Below are entries; output exactly the lines from the one with "lote de bijuteria, sendo" to the one with "property at 2201 Monroe St", both included, and nothing else.

• [Data under study]:

···

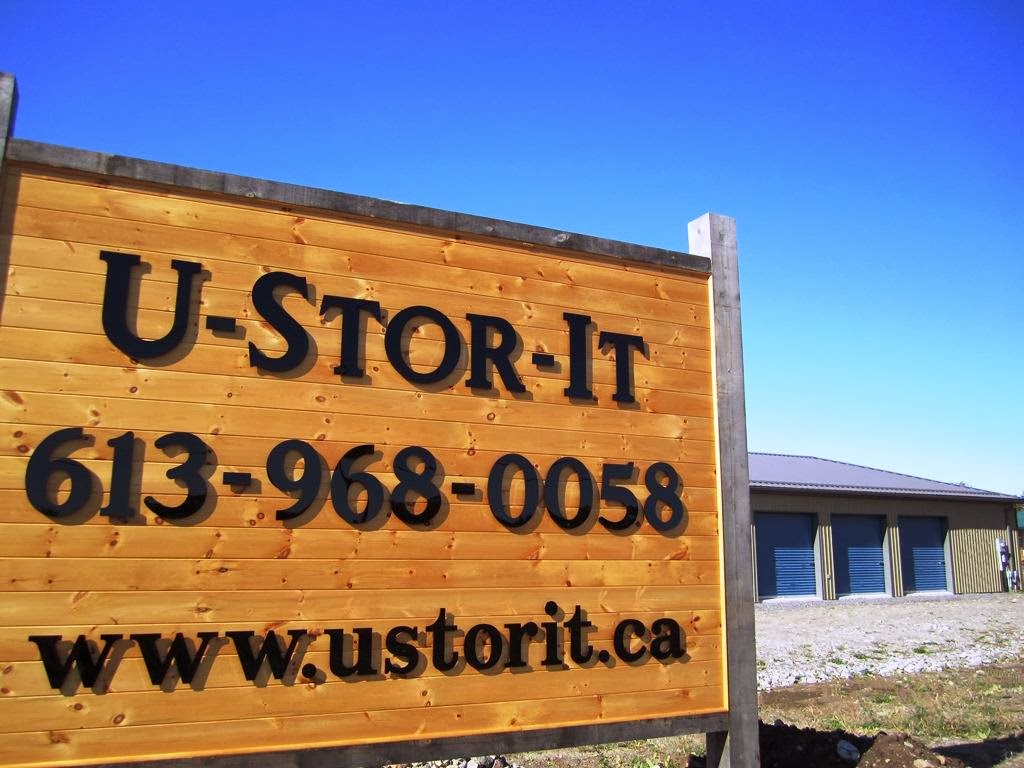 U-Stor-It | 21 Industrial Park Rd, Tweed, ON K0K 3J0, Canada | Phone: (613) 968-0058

···

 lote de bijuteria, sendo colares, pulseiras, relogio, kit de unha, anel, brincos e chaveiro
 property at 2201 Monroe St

···

• [Task output]:
 lote de bijuteria, sendo colares, pulseiras, relogio, kit de unha, anel, brincos e chaveiro
 property at 2201 Monroe St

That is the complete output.